===== DATA IN THIS EXERCISE =====
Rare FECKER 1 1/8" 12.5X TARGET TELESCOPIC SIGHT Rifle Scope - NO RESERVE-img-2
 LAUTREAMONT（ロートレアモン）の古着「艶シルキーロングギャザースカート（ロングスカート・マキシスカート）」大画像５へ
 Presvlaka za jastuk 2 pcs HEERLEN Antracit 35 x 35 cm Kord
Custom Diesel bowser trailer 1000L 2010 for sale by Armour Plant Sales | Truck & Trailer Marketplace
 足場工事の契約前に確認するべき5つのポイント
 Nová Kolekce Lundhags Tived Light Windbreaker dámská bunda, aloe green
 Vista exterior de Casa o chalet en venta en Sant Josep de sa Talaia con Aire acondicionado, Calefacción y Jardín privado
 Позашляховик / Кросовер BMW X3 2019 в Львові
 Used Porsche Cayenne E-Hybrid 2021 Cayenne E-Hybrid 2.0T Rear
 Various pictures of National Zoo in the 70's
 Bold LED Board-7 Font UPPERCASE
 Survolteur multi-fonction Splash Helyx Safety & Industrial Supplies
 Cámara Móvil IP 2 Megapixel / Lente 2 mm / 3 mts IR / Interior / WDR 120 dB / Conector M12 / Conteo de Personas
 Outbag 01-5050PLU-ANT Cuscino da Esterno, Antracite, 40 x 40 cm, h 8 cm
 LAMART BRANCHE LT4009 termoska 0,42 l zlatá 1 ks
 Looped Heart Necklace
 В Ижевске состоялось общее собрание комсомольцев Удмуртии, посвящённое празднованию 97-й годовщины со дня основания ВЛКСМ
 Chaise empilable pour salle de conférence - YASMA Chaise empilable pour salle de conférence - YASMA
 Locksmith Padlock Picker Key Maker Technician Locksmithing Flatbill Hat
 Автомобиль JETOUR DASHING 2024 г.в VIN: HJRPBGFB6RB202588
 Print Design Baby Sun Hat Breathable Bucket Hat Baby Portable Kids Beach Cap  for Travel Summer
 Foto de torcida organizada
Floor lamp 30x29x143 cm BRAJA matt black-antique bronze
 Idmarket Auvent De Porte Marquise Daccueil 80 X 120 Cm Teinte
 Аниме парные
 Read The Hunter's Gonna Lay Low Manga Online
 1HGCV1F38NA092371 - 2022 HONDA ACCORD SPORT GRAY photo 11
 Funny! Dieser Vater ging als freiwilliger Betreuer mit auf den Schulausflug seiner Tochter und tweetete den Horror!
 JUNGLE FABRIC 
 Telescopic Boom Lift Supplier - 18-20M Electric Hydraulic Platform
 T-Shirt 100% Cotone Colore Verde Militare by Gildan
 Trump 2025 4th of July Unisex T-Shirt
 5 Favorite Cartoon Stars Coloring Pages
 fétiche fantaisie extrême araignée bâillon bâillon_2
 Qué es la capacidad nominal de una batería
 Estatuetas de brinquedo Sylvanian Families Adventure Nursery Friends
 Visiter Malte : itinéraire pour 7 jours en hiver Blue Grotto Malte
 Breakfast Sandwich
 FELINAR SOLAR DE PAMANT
=====
### TASK TO COMPLETE
Scan the data above, find each line with "pour", and copy it.

### ANSWER TO THIS EXERCISE
 Chaise empilable pour salle de conférence - YASMA Chaise empilable pour salle de conférence - YASMA
 Visiter Malte : itinéraire pour 7 jours en hiver Blue Grotto Malte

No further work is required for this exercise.